In our intellectual work as researchers, peer review is a routine and communal habit that typically goes unquestioned. We invite our research communities to intervene in how we shape research problems for investigation, in our choices about theories, methodologies and methods, in our research designs, in our findings, analyses and truth claims. Yet in learning, teaching and curriculum, peer review still occupies ambivalent status, despite an extensive scholarly literature and evidence of the practical and developmental benefits for staff.
For instance, we know that peer review of teaching and curriculum – done collegially – can offer staff a fresh take on student engagement, can build confidence in the quality of a teacher’s educational judgement, and can provide additional evidence for promotion or a teaching award. However, challenges remain for universities. Many local initiatives start out as supportive conversations between colleagues but are then hard to scale or systematise. There can be anxiety about exposing our teaching ‘problems’ to colleagues.
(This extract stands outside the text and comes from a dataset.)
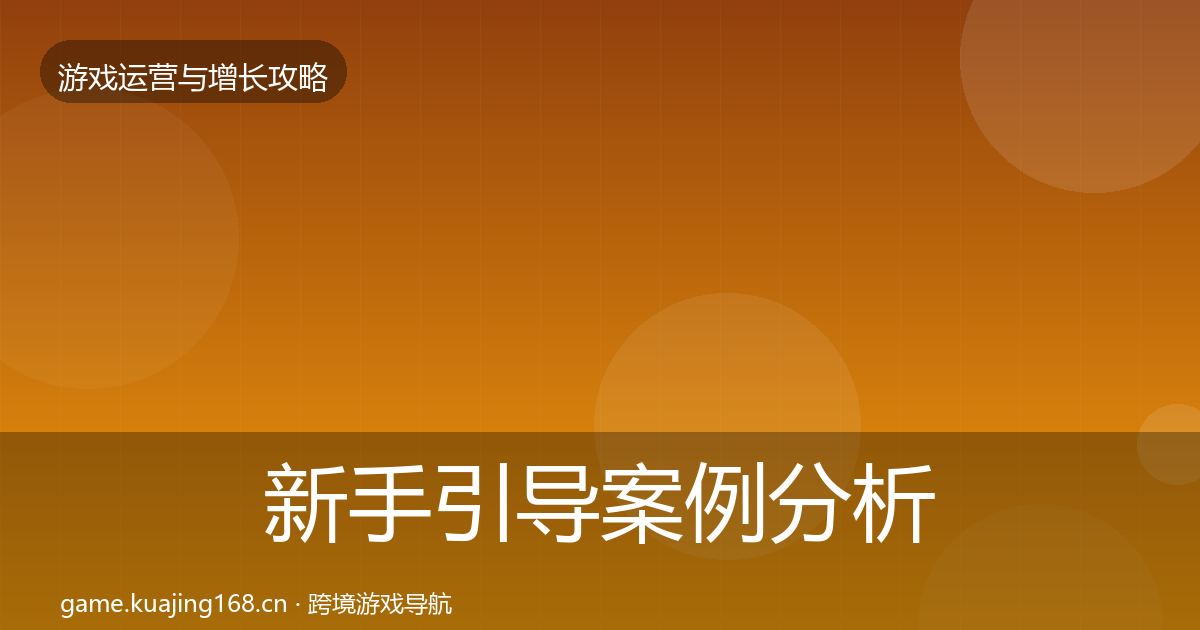 新手引导案例分析全指南：最新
There are questions about who has the expertise to review, and then there is uncertainty about the potential for peer review judgements to circulate as metrics that punish staff rather than encourage a process of open, collaborative and communal inquiry.
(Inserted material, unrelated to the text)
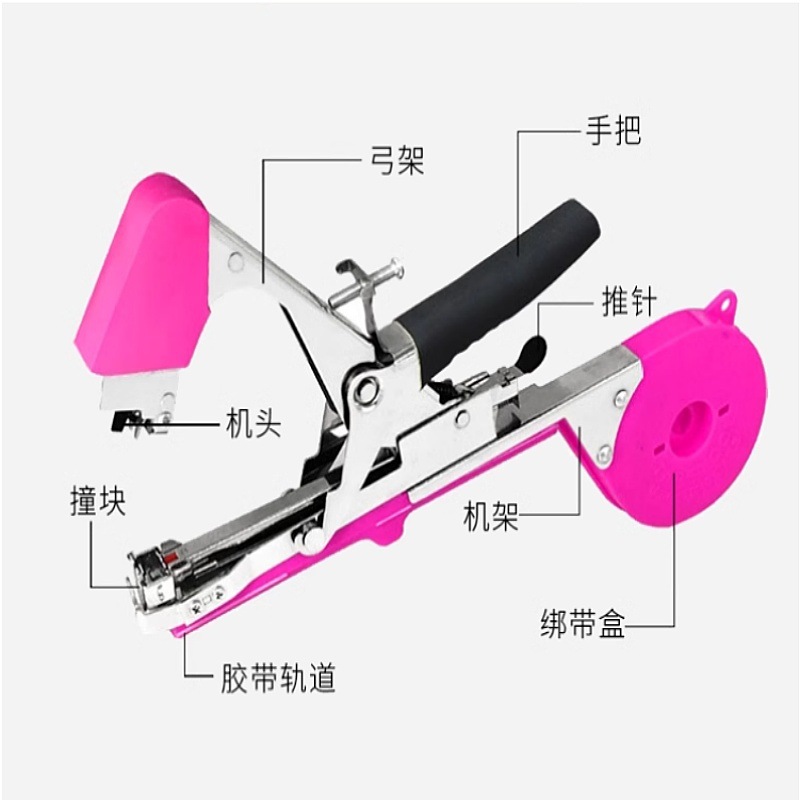 New type of branch binding machine, grape, loofah, tomato and other vine branch binding machine, binding machine, knotting machine, gardening tool, agricultural use Specification drawing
For all these reasons, peer review of learning, teaching and curriculum requires good, sharp, and intelligent interrogation. We need to explore peer review models, test the evidence, hear about peoples’ experiences, come to grips with the practical and systems challenges, and understand the learning gains. In short, we need to apply our inquiring minds as researchers to the question of the peer review of learning, teaching and curriculum and what it might look like, and do for us, at Western! This will entail a broader approach to peer review than the traditional focus on teaching and the teacher in classroom settings. It will need to encompass practices such as the peer review of curriculum decision-making, resources and digital artefacts – such as flipped learning, educational design, and partnership pedagogies. It will involve us in conversation about benchmarking assessment criteria, standards and processes for moderation. And perhaps most radically, it will encourage us to consider how we might extend our curriculum partnership with students to teach them about, and involve them in, forms of peer review. All these practices can come alive under thoughtful and deliberative peer review.